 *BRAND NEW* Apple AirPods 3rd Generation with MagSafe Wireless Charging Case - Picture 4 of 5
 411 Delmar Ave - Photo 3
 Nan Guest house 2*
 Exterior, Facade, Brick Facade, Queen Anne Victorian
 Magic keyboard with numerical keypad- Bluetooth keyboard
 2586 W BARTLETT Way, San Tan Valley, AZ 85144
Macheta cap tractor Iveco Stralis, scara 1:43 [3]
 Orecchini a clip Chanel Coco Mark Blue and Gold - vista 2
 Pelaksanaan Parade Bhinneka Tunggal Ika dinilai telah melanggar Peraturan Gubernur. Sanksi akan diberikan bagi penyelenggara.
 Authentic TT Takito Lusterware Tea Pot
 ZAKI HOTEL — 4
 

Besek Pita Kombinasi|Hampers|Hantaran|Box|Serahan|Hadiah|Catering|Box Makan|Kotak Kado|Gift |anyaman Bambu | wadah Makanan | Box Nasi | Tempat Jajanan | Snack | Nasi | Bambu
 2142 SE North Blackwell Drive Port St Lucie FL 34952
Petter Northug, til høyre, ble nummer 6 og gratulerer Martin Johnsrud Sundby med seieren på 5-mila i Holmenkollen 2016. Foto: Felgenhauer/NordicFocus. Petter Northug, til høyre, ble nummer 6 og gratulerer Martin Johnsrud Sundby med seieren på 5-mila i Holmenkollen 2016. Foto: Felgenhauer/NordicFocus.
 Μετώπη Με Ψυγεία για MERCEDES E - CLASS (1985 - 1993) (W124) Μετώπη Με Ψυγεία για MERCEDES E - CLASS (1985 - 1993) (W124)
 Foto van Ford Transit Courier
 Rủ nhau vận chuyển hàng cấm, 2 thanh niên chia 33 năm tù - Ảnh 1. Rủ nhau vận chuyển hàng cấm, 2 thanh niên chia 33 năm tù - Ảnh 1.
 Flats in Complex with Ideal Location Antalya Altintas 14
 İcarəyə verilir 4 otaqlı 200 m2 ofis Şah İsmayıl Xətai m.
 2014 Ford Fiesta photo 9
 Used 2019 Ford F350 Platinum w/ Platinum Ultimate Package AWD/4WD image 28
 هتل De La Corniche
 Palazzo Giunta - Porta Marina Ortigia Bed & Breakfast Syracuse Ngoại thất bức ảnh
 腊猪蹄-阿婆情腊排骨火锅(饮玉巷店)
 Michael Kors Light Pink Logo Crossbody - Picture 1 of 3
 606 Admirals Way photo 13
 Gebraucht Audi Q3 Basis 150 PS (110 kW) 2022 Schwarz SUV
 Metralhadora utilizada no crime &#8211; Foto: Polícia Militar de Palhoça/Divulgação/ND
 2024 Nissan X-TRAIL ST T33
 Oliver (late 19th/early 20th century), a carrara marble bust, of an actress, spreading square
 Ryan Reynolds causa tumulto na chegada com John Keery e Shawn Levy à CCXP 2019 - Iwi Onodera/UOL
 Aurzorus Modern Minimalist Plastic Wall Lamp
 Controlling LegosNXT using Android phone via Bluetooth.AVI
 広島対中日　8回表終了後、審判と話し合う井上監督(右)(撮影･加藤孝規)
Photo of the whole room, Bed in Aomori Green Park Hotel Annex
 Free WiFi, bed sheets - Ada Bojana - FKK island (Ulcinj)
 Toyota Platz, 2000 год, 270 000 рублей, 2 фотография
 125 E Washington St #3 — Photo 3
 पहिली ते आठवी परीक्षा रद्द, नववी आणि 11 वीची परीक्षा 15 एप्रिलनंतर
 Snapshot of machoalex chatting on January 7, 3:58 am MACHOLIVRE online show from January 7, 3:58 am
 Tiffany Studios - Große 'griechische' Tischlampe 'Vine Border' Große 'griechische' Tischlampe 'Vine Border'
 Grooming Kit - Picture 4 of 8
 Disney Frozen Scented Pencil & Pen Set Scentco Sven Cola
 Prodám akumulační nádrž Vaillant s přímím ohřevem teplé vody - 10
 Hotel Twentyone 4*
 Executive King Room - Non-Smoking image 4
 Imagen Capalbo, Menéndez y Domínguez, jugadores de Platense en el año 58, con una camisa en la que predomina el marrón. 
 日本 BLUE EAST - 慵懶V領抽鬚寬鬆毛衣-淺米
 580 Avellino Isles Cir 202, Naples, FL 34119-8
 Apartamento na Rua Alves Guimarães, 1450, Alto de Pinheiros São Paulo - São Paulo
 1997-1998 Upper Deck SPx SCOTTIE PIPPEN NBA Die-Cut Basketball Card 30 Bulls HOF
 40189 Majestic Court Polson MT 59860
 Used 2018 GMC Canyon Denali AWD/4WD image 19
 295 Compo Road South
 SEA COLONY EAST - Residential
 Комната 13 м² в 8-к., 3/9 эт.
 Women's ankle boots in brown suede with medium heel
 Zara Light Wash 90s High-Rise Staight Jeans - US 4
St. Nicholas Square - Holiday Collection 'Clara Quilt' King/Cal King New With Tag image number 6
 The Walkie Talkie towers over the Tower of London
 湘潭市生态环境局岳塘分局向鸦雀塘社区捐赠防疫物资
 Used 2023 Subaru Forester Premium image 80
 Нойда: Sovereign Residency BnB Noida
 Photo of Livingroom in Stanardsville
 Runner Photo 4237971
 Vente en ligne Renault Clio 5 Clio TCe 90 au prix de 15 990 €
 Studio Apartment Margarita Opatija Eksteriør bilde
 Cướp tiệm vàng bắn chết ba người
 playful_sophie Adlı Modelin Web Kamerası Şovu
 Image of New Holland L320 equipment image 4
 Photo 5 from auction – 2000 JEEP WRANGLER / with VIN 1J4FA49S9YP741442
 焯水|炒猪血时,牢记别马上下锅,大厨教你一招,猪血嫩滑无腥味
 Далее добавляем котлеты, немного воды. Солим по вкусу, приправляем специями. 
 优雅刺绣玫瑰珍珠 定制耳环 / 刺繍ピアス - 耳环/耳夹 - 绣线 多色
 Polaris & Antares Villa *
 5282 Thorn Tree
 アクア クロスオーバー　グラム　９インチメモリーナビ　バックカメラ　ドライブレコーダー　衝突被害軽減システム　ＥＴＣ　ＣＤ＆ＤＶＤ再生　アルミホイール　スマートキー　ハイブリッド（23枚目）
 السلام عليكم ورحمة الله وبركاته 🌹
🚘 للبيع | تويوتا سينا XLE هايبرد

--

PROBLEM REQUIREMENTS: Give the exact lines, and only those, from the line containing "Metralhadora utilizada no" through the line containing "Snapshot of machoalex" in the entries above.

PROBLEM SOLUTION:
 Metralhadora utilizada no crime &#8211; Foto: Polícia Militar de Palhoça/Divulgação/ND
 2024 Nissan X-TRAIL ST T33
 Oliver (late 19th/early 20th century), a carrara marble bust, of an actress, spreading square
 Ryan Reynolds causa tumulto na chegada com John Keery e Shawn Levy à CCXP 2019 - Iwi Onodera/UOL
 Aurzorus Modern Minimalist Plastic Wall Lamp
 Controlling LegosNXT using Android phone via Bluetooth.AVI
 広島対中日　8回表終了後、審判と話し合う井上監督(右)(撮影･加藤孝規)
Photo of the whole room, Bed in Aomori Green Park Hotel Annex
 Free WiFi, bed sheets - Ada Bojana - FKK island (Ulcinj)
 Toyota Platz, 2000 год, 270 000 рублей, 2 фотография
 125 E Washington St #3 — Photo 3
 पहिली ते आठवी परीक्षा रद्द, नववी आणि 11 वीची परीक्षा 15 एप्रिलनंतर
 Snapshot of machoalex chatting on January 7, 3:58 am MACHOLIVRE online show from January 7, 3:58 am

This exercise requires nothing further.